Dave Winer is someone who knows a thing or two about Big Ideas: he’s the inventor of RSS, the very first podcaster and one of the earliest bloggers. A tireless advocate for the independent publisher, Winer has also had a long-running fixation on what he calls the future-safe web:
“The concern is that the record we’re creating is fragile and ephemeral, so that to historians of the future, the period of innovation where we moved our intellectual presence from physical to electronic media will be a blank spot, with almost none of it persisting. If, for example, this website were to persist, you would be able to read these words, at their permanent address, many years into the future.”
If Dave Winer wants to get the web to a place where future-safety is a possibility, at least on an opt-in basis, he’ll do it. His track record has proven that much, at least.
II.
And now here’s an article from February about people who delete their tweets after a few days. Author Robin Sloan is quoted as such:
“I have to admit that I cannot remember, with perfect clarity, the moment I decided I was going to be a tweet deleter,” he says. “I assume I was taking a spin back through old tweets and decided, ehh, this is not a great contribution to the historical record.”
The 140 character limit of a tweet naturally encourages brevity and occasionally informality in discourse. There’s way less gravitas compared to a Medium post and an infinite amount less than, say, walking up and nailing your blog post to the door of a church. Turns out: the life span of a post on Fusion is at least seven months.
III.
If you could record your whole life, would you do it? Would you go back and relive those moments? Would you painstakingly maintain ever-expanding data structures to accommodate the flow of data? Is the archive valuable to you or your family or historians or (more likely) as a data point in a massive aggregate for advertisers? Conversely, if you could wash it all away, would you? No more #tbt, no more nostalgia, no regrets.

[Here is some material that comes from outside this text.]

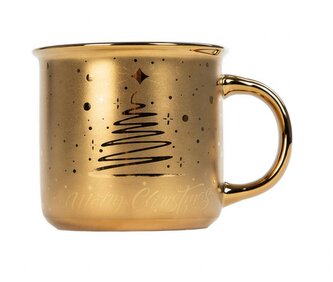 Vánoční hrnek | ARAN | zlatý zimní motiv | 713026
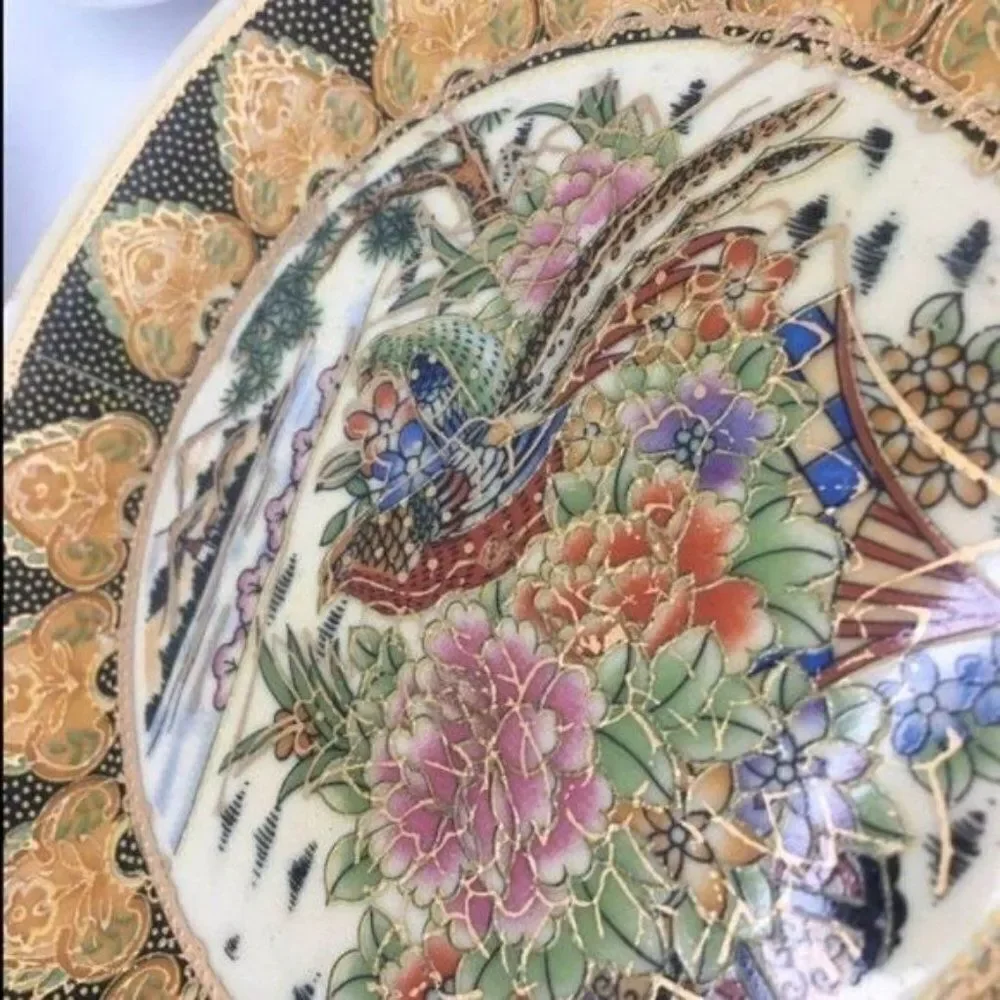 Vintage Japanese Decorative Plate Set Of 3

Computers are really, really good at remembering things and have been for a long time. But as technology has evolved, we have gone from merely using computers to inhabiting them. The idea that your online presence is distinct from your real-world identity is laughable to the average American 16 year old. So while it’s natural for humanity to see the computer age as an opportunity to get a do-over for the Library of Alexandria, it also makes sense to have our online interactions more closely model our day-to-day.